Looking for work in Rome turned out to be like a lot of my first experiences in the city: embarrassing, culturally confusing and all about language. The fact that I’m a native English speaker is what got me every single English teaching job I had in Rome. In fact not one school asked to see my English teacher certification. Not. One. The fact that I didn’t speak Italian and had just moved to Rome with almost no money, no job and no visa posed an obvious challenge. Despite having spent a semester trying to study on my own while finishing university and a summer practicing with Rosetta Stone software before my move, I could only really say “Ciao” with great confidence. After that I got a bit muddled.

Need to catch up on Laurenissima? Click here to read the previous post about how I got my teaching certification or click here to start from the beginning with how I moved to Rome and who Laurenissima is.

I started calling schools that I found through the Pagine Gialle online, the Italian yellow pages. I started with my strongest phrase: “Ciao!” and quickly devolved from there. “Yes, hi…umm parli Inglese? English?” Eventually some English speaker would be found and I’d tell them I was looking for a job.

“Searching” by Luca Misuri

I went for interviews at many schools. I had no smart phone so even getting to these schools involved figuring everything out on my computer in advance, writing down bus times and locations and drawing maps to help me since I didn’t have a printer.

Some schools said they’d only hire me if I had a work visa which is the old chicken and egg problem since you need the job to get the visa but you need the visa to get the job but you… oh whatever, let’s go for coffee.

I never did get a visa through any of the schools I worked for. I heard a combination of: “No we won’t help with that” or “Yes, maybe later on down the road” and I was naive enough to think they meant it. I met a couple people who got visas through their schools. Just a couple and often they’d had teaching experience before moving to Italy and had set up the job and visa in advance (basically, responsible people). One girl I’d met who got her visa after moving to Rome had spent over a year proving to her school that she was worth it. Worth the hassle, the money, the risk. If you are one of these people, tell me what you did! I’m always curious to hear about miracles.

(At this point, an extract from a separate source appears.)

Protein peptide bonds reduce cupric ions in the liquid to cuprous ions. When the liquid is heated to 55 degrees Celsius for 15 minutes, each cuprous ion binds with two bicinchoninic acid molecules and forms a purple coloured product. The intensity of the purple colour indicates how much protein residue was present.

Why don’t English language schools want to help with your visa? Because it’s expensive for them and for you and you have to go back to the US to get it. Not just to the US, you have to go to the consulate where you have residency, which in my case was in San Francisco, 10,000 kilometers and about a thousand bucks away, which I quite simply didn’t have. Schools want you to start work immediately and they know that you’re probably not going to stay in Italy long enough to get a visa anyway. That and they definitely don’t want to pay you a high enough salary to even qualify you to ask for the visa. Plus there’s the taxes on that – no way. Oh and plus the consulate will probably say no anyway. If you’ve just got your TESOL or TEFL, how can you prove you’re the only person that can take the job of explaining what a pronoun is to an Italian child?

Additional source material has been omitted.